_TASK DESCRIPTION_
With the pictures left out, print exactly the lines below that run from the one containing "Générique Winter Thermal" through the one containing "Towing 257 |".

--- EXTRACTED RECORDS Enclosed Below ---

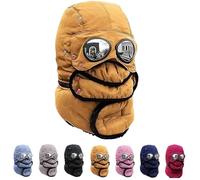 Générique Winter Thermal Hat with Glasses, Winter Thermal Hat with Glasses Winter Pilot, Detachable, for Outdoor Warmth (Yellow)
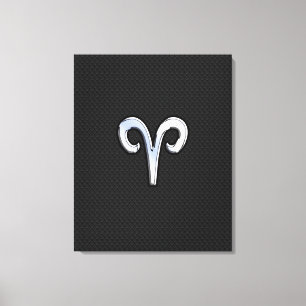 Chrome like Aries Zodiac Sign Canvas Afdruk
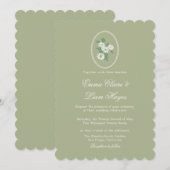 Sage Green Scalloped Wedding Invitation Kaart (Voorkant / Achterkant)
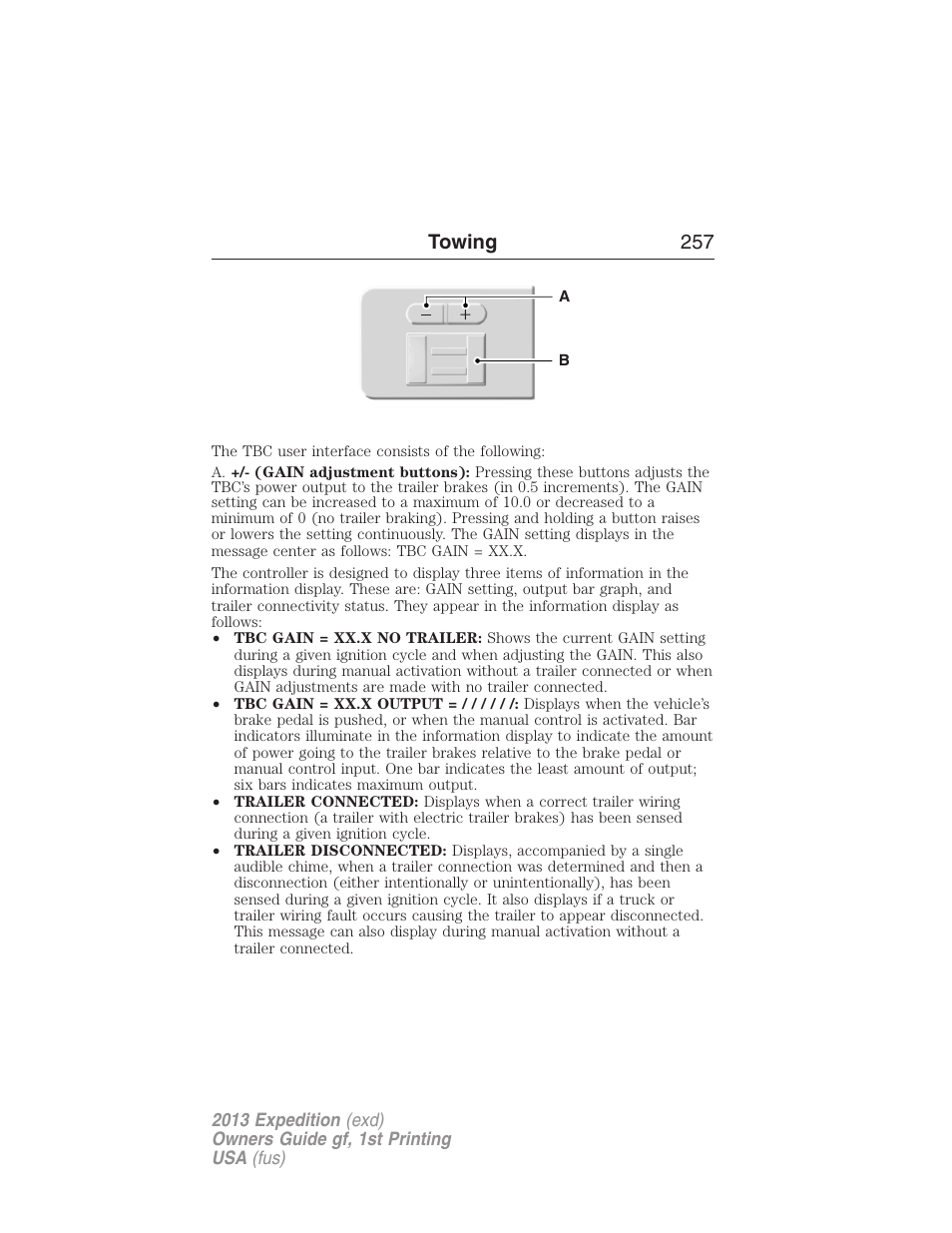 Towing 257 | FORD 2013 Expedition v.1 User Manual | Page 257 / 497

--- End of Enclosed EXTRACTED RECORDS ---
--- EXTRACTED RECORDS Enclosed Below ---

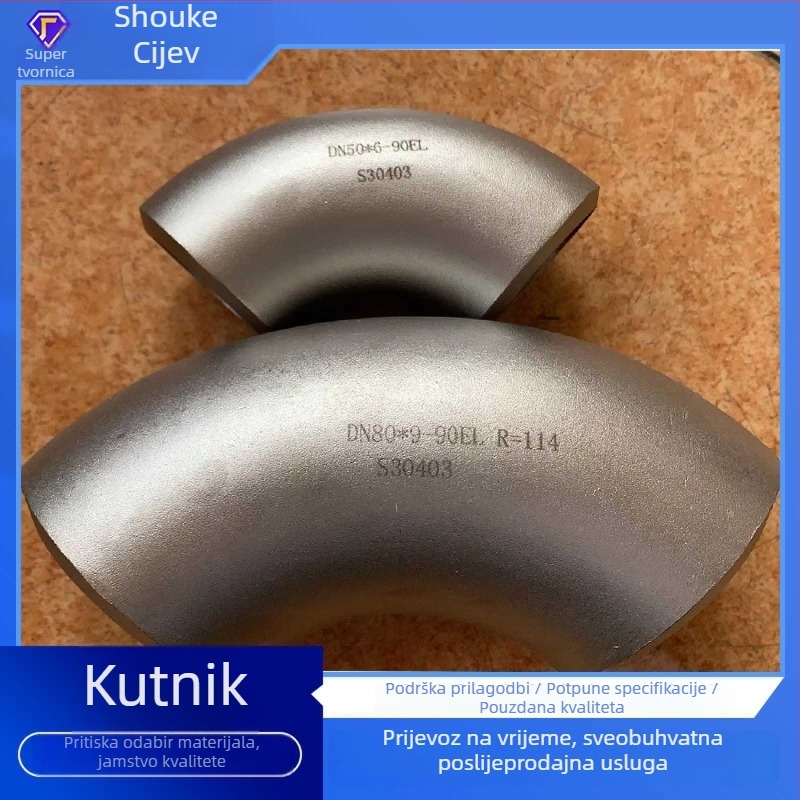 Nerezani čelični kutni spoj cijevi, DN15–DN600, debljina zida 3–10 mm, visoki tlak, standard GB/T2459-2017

--- End of Enclosed EXTRACTED RECORDS ---
--- EXTRACTED RECORDS Enclosed Below ---

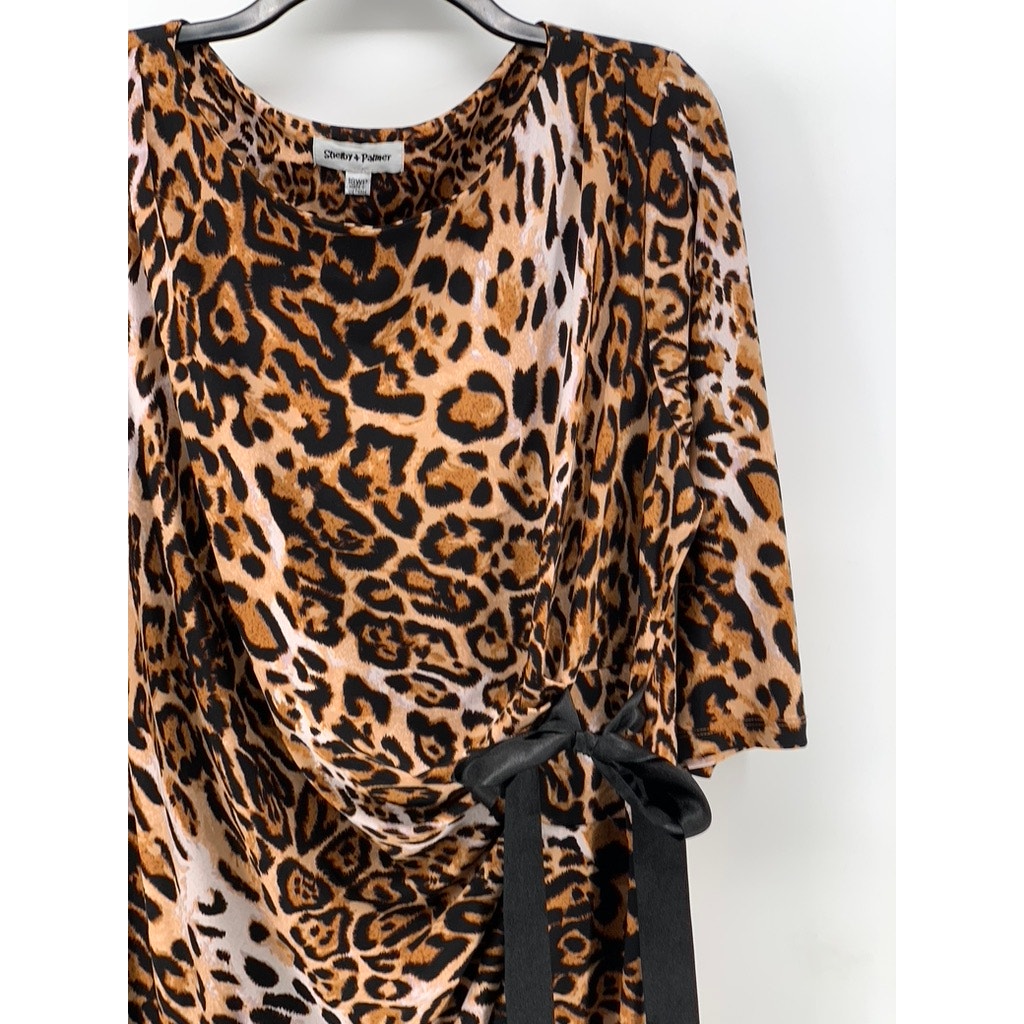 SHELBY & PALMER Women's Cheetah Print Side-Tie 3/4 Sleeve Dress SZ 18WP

--- End of Enclosed EXTRACTED RECORDS ---

_SOLUTION TO THIS PROBLEM_
 Générique Winter Thermal Hat with Glasses, Winter Thermal Hat with Glasses Winter Pilot, Detachable, for Outdoor Warmth (Yellow)
 Chrome like Aries Zodiac Sign Canvas Afdruk
 Sage Green Scalloped Wedding Invitation Kaart (Voorkant / Achterkant)
 Towing 257 | FORD 2013 Expedition v.1 User Manual | Page 257 / 497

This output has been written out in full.